Se quedó paralizado.
—¿Cómo?
—Quince segundos.
Su rostro cambió.
—Qingli, durante nuestro matrimonio cometí muchos errores.
—Eso sí te lo creo.
—Pero no tuve una relación con ella.
Mi mano permaneció sobre la puerta.
—¿Y esperas que eso arregle algo?
—No.
Su respuesta me sorprendió.
—Entonces ¿qué quieres?
Xia Wenzhou bajó los ojos.
—Que sepas la verdad antes de decidir si quieres odiarme para siempre.
Lo observé.
—Sigues sin entender nada.
—¿Qué?
—No me divorcié porque te odiara.
Mi voz se volvió suave.
—Me divorcié porque estar casada contigo me hacía sentir sola.
Aquello sí lo dejó sin palabras.
—Cada vez que tu madre me humillaba, tú decías que la ignorara.
—Cada vez que Gu Mingyan te llamaba, acudías.
—Cada aniversario podía esperar si aparecía algo relacionado con ella.
—Y cuando finalmente firmamos el divorcio, ni siquiera me preguntaste si estaba segura.
Sus ojos se enrojecieron.
—Pensé que necesitabas espacio.
—Siempre pensabas.
Lo miré.
—Nunca preguntabas.
Cerré la puerta.
Esta vez no intentó detenerme.
Las semanas siguientes fueron silenciosas.
Consulté con profesionales.
Hablé con mi familia.
Pensé mucho.
Y tomé mis decisiones sobre mi futuro sin permitir que Xia Wenzhou, su madre o Gu Mingyan las tomaran por mí.
Xia Wenzhou respetó finalmente la distancia.
Quizá por primera vez.
No apareció en mi casa.
No mandó a su madre.
No intentó utilizar dinero ni influencias.
Solo enviaba un mensaje ocasional:
“Espero que estés bien.”
Nunca:
“Vuelve.”
Nunca:
“Haz esto.”
Tal vez finalmente había aprendido.
Pero aprender demasiado tarde también tiene consecuencias.
Dos meses después nos encontramos frente a una cafetería.

Él estaba más delgado.
—Qingli.
—Wenzhou.
Su mirada bajó instintivamente hacia mí.
Después volvió rápidamente a mis ojos.
No preguntó nada.
Agradecí ese pequeño gesto.
—Mi madre se mudó —dijo.
—No es asunto mío.
—Lo sé.
—¿Y Gu Mingyan?
—Tampoco es asunto tuyo.
Sonreí ligeramente.
—Por fin estás aprendiendo.
Él también sonrió.
Triste.
—Demasiado tarde.
—Sí.
Nos quedamos en silencio.
—¿Alguna vez podremos empezar de nuevo? —preguntó.
Lo pensé.
Después negué.
—No.
Cerró los ojos un instante.
—Entiendo.
—Pero quizá puedas convertirte en una persona diferente.
—¿Para ti?
—No.
Di un paso hacia atrás.
—Para ti mismo.
Me marché.
No miré atrás.
Porque aquella era la parte que todos habían entendido mal desde el principio.
Xia Wenzhou pensaba que la historia trataba sobre recuperar a su esposa.
Su madre pensaba que trataba sobre conservar a los descendientes de la familia Xia.
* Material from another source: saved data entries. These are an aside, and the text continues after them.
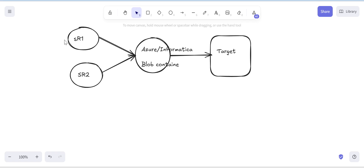Hello friends, welcome back to my channel. Today's topic is: what is ETL testing and why do we need an ETL tester in any organization? Basically our basic role is to validate whatever data we are receiving from source — that it gets inserted exactly into the target system after applying the required transformations.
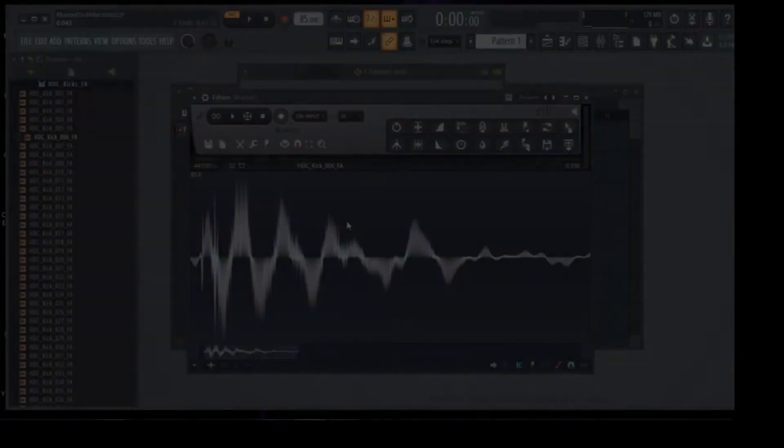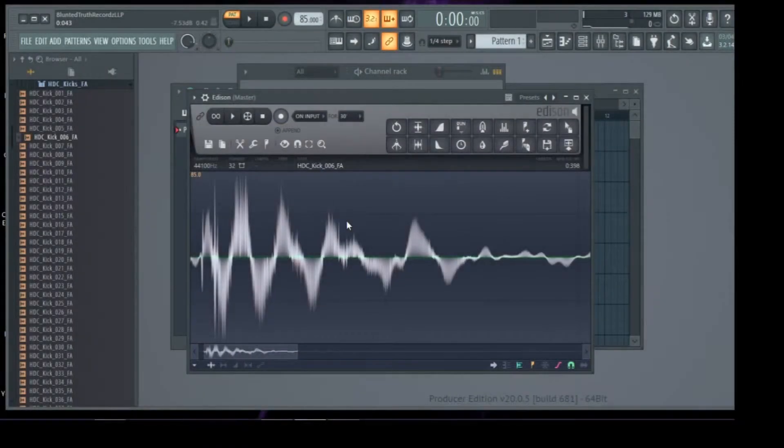I can show you better than I can tell you, so let's jump into FL Studio so I can show you a picture of a waveform real quick. The amplitude of the signal refers to something called a peak, which are these sharp spikes you can see in the top of the waveform here.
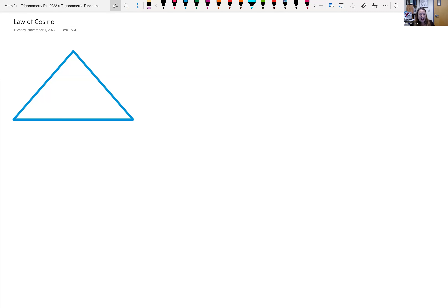We just started looking at solving non-right triangles. We've looked at the law of sines to help us solve for a triangle when the triangle is not right. The law of cosines is another way for us to solve for sides and angles of a non-right triangle.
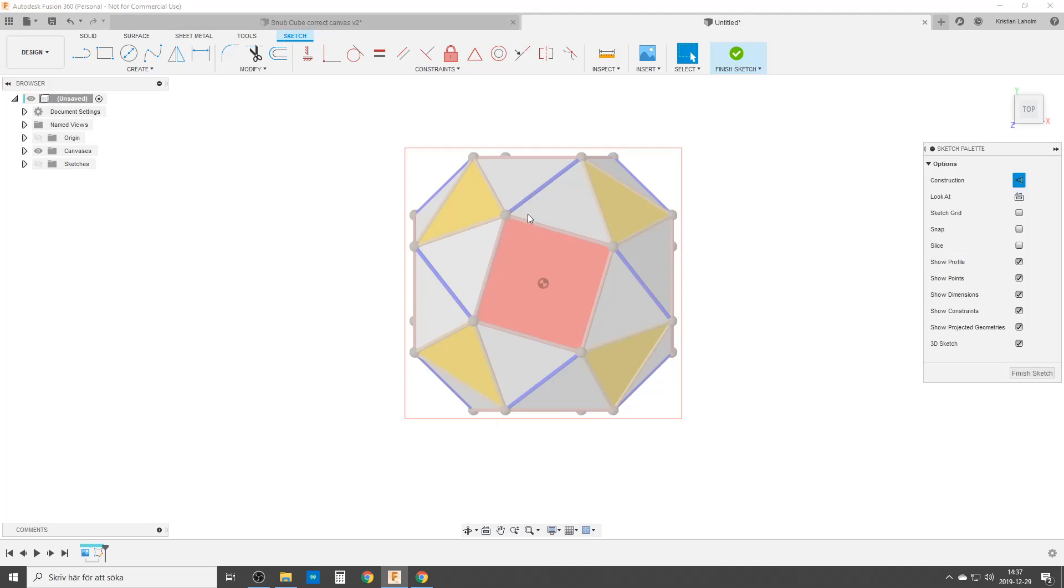This means by symmetry, this point here is the same as that one, so that needs to be vertical. That point there and that point there is the same point here, different squares but the same point of the square, so that needs to be vertical.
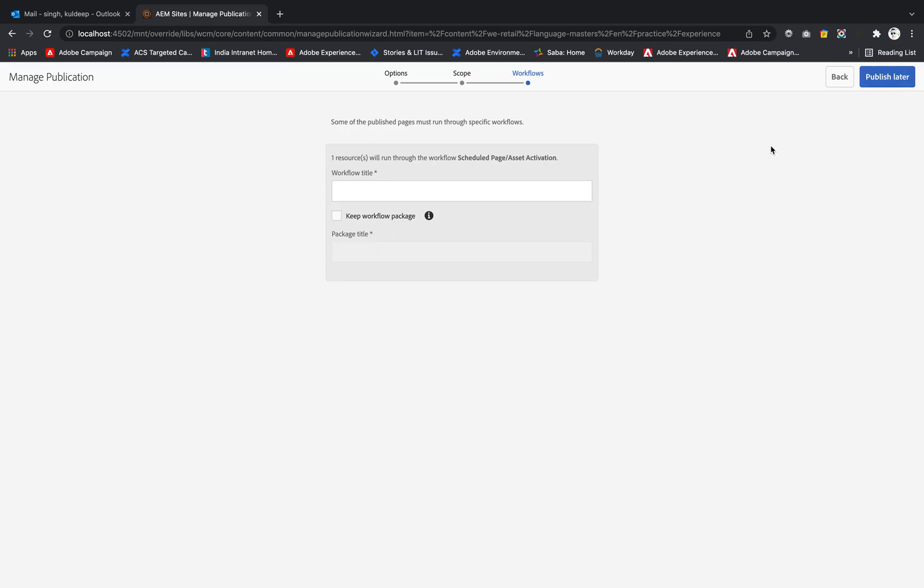Next, now we will provide the workflow title. The particular workflow which is responsible in order to publish this particular page, we just need to provide the workflow title here.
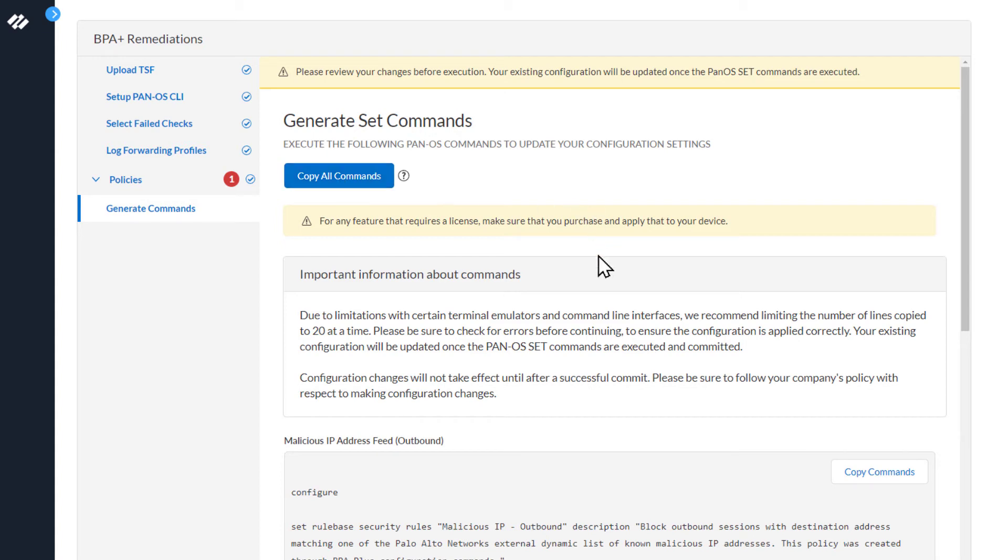There's an important message about commands. Due to the limitations with certain terminal emulators and command line interfaces, we recommend limiting the number of lines copied to 20 at a time. The next message down here talks about configuration changes will not take effect until after a successful commit. Please be sure to follow your company's policy with respect to making configuration changes.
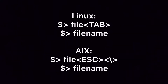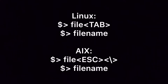In case of Linux, you type in the first or first few characters and press the Tab key to autocomplete. In case of AIX, you type in the first or first few characters and press the Escape key immediately followed by backslash to autocomplete. Hope this helps, thank you.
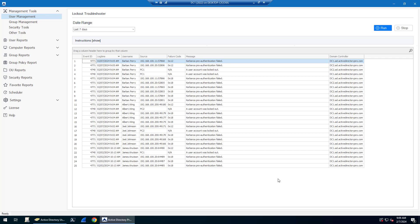In this video, I'm going to show you the Active Directory lockout troubleshooter tool. This tool will help you find the source of account lockouts in Active Directory.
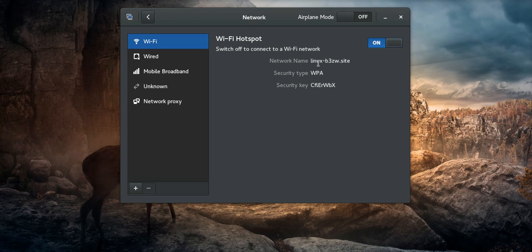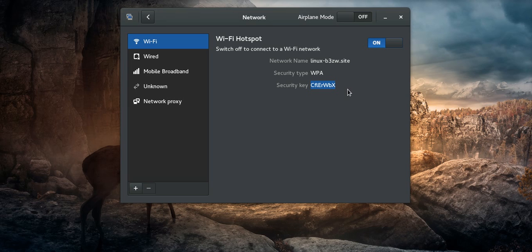With network name Linux B3, and security type and security key. You have to put this key into your mobile or other laptop to connect with this hotspot network. Thank you for watching.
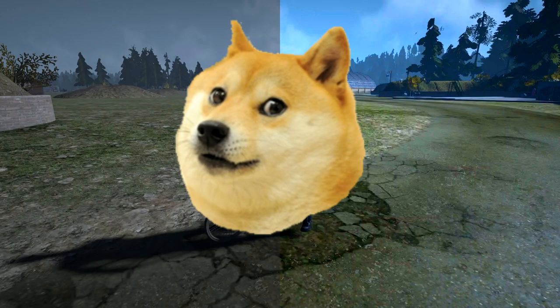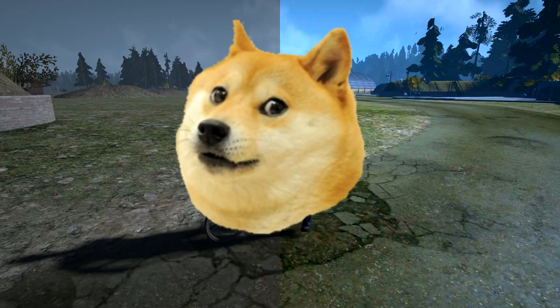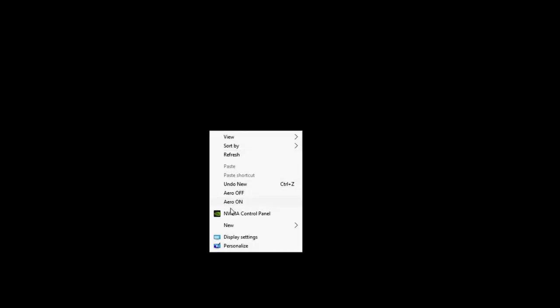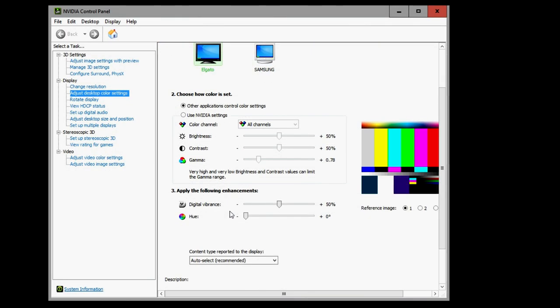Hello guys, Treehouse here. A lot of people have been asking me why my graphics look a lot better. Today I'm going to show you how to make your graphics look just like mine. All you have to do is go to your graphic control panel and increase your saturation. Ta-da!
Gu Mingyan pensaba que trataba sobre ocupar mi lugar.
Pero nunca había sido una competición entre dos mujeres.
Ni una batalla por un hombre.
Era la historia de una mujer que, después de años dejando que otros decidieran por ella, recuperó finalmente el derecho a elegir su propia vida.
Y aquella mañana, bajo las luces blancas del hospital, había pronunciado las palabras que terminaron cambiándolo todo:
“Ya no te necesito.”
No significaban que nunca lo hubiera amado.
Significaban algo mucho más importante.
Que finalmente había aprendido a no abandonarme a mí misma para conservar a otra persona.